Is a Feed the right place for your Data?

13 comments | Nov 05, 2003 | permalink

Locked in a feed

Working with RSS since extensibility became a good practice, I'm used to hearing things like "I'm going to add this [something] data to my feed and then everyone will [something]." My question is, "Where was this data before you put it in your feed, and why isn't it still there now?"

A "feed" (RSS/RDF, RSS/XML, Atom) is a snapshot of recent entries from some source, typically an episodic web site, that provides new items of information on a regular basis. Outside of online journals and weblogs, one of the most common examples of data feeds is a "stock ticker".

In some cases the data is not already conveniently available on the web or is not relevant past the timeframe of the feed snapshot — that's not the kind of data I'm talking about. I'm talking about data that is already conveniently on the web, or could be, or data that has relative permanence, called "micro content". A recent example is the Review (RVW) Module for RSS 2.0. Review data has permanence, it has linkability, it has searchability, it has reusability — why is it locked in a syndication feed for use pretty much only by syndication clients?

Freed on the web

Instead of creating a "module" for a syndication feed (yes, I know, we told everybody to do that, let's push it in the right direction now), we can use virtually the same format (XML, RDF, HTML, or what have you) and put it at its own URL and use feed extensibility to link to it.

This has several distinct advantages:

  • Most importantly, microcontent resources at URLs have permanence, linkability, searchability, reusability, and other Web goodness.
  • You're not constrained to a particular feed format or tied to tools that only support that format.
  • Your content is available, to everyone, long after the item in the feed has scrolled off. Within a feed, only feed readers and super aggregators that preserve items will keep your content around.
  • You can link to your content from every feed format, easily.

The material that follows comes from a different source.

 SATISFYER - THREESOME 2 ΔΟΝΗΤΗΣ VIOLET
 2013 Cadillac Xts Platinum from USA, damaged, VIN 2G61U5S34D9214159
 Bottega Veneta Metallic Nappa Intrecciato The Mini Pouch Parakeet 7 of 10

This is where the extensibility of feed formats works for you and you don't have to play favorites.
  • Your microcontent is more easily embedded in or linked from your relevant web page, where the vast majority of links from search engines and others will point to.
  • Microcontent can still just as easily be served from your content database, some other database, web services, flat files, or what have you.

Linking from HTML and common feed formats

Web pages are often the most common place that microcontent in other formats is linked from. Embedding a link in the web page related to your microcontent is described below.

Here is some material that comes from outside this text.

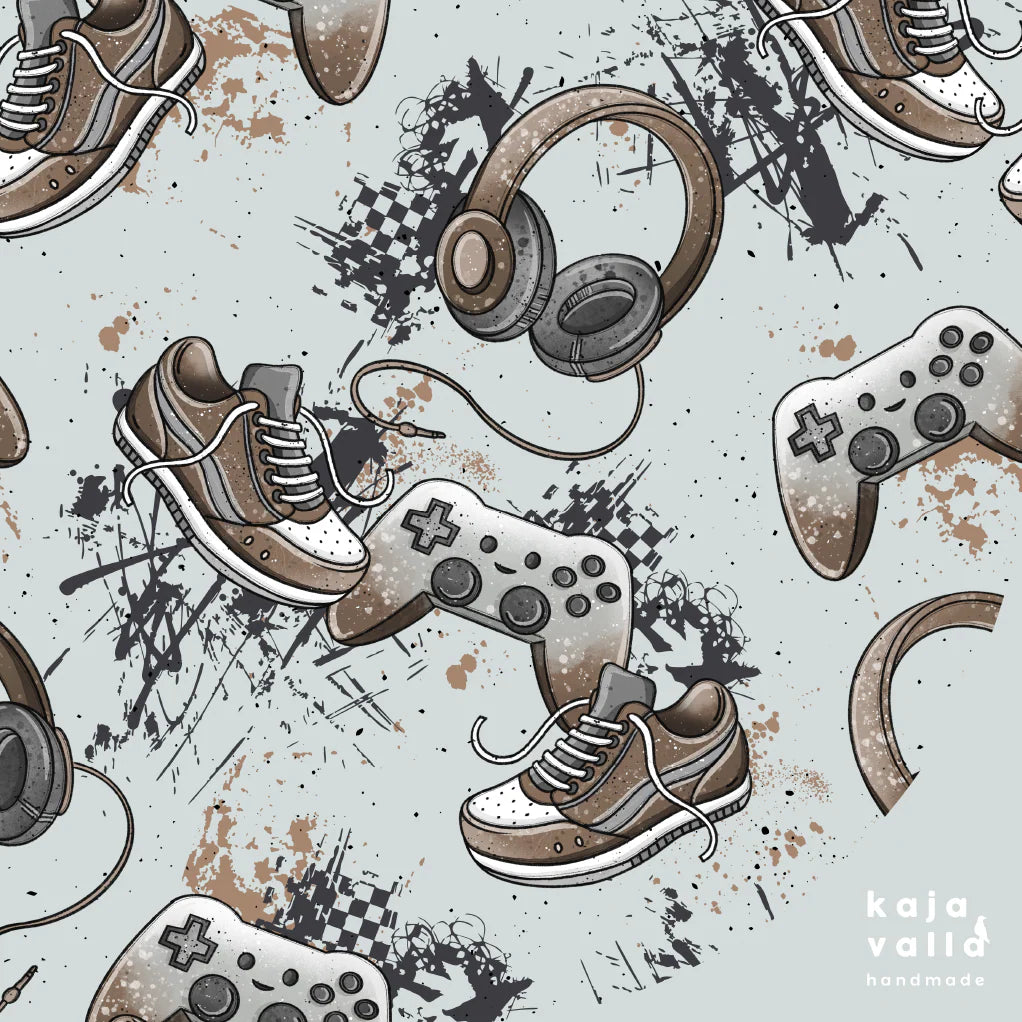 Chill time -paita, laadukas pitkähihainen trikoopaita (eri kokoja)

Feed formats serve the purpose of "notification", they let readers know when new items appear on your site. If your microcontent is your item and there's no corresponding web page, put the URL of your item in the <link> element (and 'rdf:about' attribute in RSS 1.0). If your microcontent is an alternate representation of, part of, linked from, or otherwise related to a web page on your site, put that web page's URL in the <link> element and extend your feeds as described below (in order of spec publication):

X/HTML

HTML uses a <link> tag within the HTML <head> element to link to related resources. The @rel attribute of the <link> element indicates the relationship of the linked item. If your microcontent is the "same" information as displayed on the web page, but in a machine readable format, the relationship is rel='alternate', if the web page adds to or embellishes the content, you can make up an appropriate relationship, like rel='review' or rel='source'. In any case, the @type attribute of the <link> element should give the media type of the content, like type='application/x.rvw+xml' for XML. Lastly, you put the link to the content in the @href attribute and a descriptive title in the @title attribute.

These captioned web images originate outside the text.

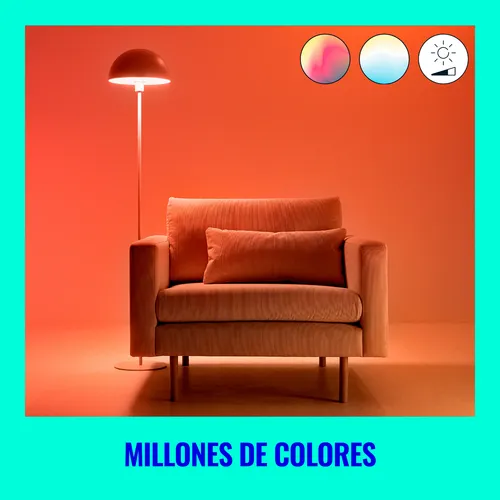 Lampara Led Globo Wiz Wifi Color E27 11w X2 Unidades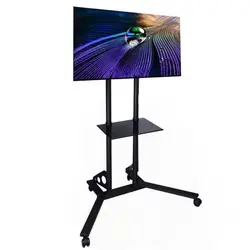 پایه ایستاده تلویزیون نمایشگاهی سایز 42 تا 75 اینچ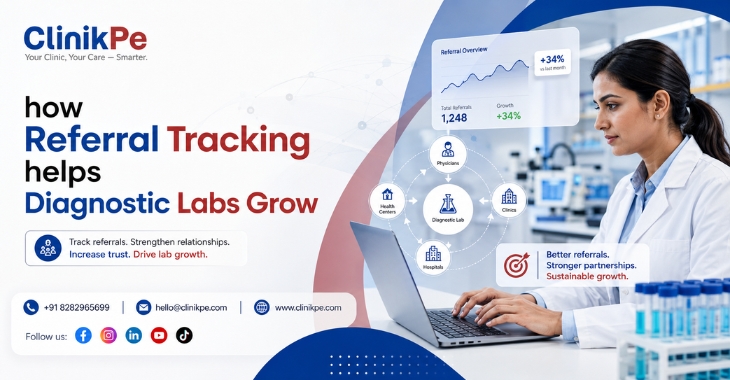 How Referral Tracking Helps Diagnostic Labs Grow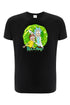 Rick and Morty Black T-shirt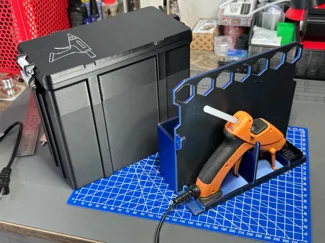 Mini Hot Glue Gun Stand - AoxCaddy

<!DOCTYPE HTML PUBLIC "-//W3C//DTD HTML 4.01//EN"
   "http://www.w3.org/TR/html4/strict.dtd">
<HTML>
   <HEAD>
      <TITLE>Review: Life of Pi</TITLE>
      <LINK REL="ALTERNATE" TYPE="application/x.rvw+xml"
            HREF="http://www.pmbrowser.info/hublog/archives/1234.rvw"
            TITLE="RVW XML Format">
   </HEAD>
   <BODY>
      <P>Review of Life of Pi by Yann Martel
   </BODY>
</HTML>

RSS 1.0

In RSS 1.0, linking to your microcontent is a matter of choosing an XML namespace and property name that means, effectively, "see also this microcontent". If your microcontent already has an XML namespace, feel free to use it here. The URL for your microcontent goes in the 'rdf:resource' attribute of the property.

<rdf:RDF 
  xmlns:rdf="http://www.w3.org/1999/02/22-rdf-syntax-ns#"
  xmlns:rvw="http://purl.org/NET/RVW/0.1/"
  xmlns="http://purl.org/rss/1.0/">

    ...

    <item rdf:about="http://www.pmbrowser.info/hublog/archives/1234.htm">
      <title>The review headline goes here</title>
      <link>http://www.pmbrowser.info/hublog/archives/1234.htm</link>
      <rvw:item rdf:resource="http://www.pmbrowser.info/hublog/archives/1234.rvw" />

      ...

RSS 2.0

In RSS 2.0, you also must pick an XML namespace and element local name that links to your microcontent.

<rss version="2.0"
  xmlns:rvw="http://purl.org/NET/RVW/0.1/">

    ...

    <item>
      <title>The review headline goes here</title>
      <link>http://www.pmbrowser.info/hublog/archives/1234.htm</link>
      <rvw:item>http://www.pmbrowser.info/hublog/archives/1234.rvw</rvw:item>

      ...

Atom

Atom uses the same <link> element as X/HTML described above, using a <link> element within the Atom <entry>. Use rel='alternate' with an appropriate type for the microcontent. You can have two <link> elements with rel='alternate', one pointing to the web page and one pointing to the microcontent, each with an appropriate @type attribute.

<entry xmlns="http://example.com/newformat#" >
  <title>Review: Life of Pi</title>

  <author>
    <name>alf eaton</name>
    <url>http://www.pmbrowser.info/hublog</url>
  </author>

  <issued>2003-02-05T12:29:29</issued>
  <created>2003-02-05T14:10:58Z</created>
  <modified>2003-02-05T14:10:58Z</modified>

  <link rel="alternate" type="text/html"
    href="http://www.pmbrowser.info/hublog/archives/1234.htm"/>
  <link rel="alternate" type="application/x.rvw+xml"
    href="http://www.pmbrowser.info/hublog/archives/1234.rvw"
    title="RVW XML Format"/>

  ...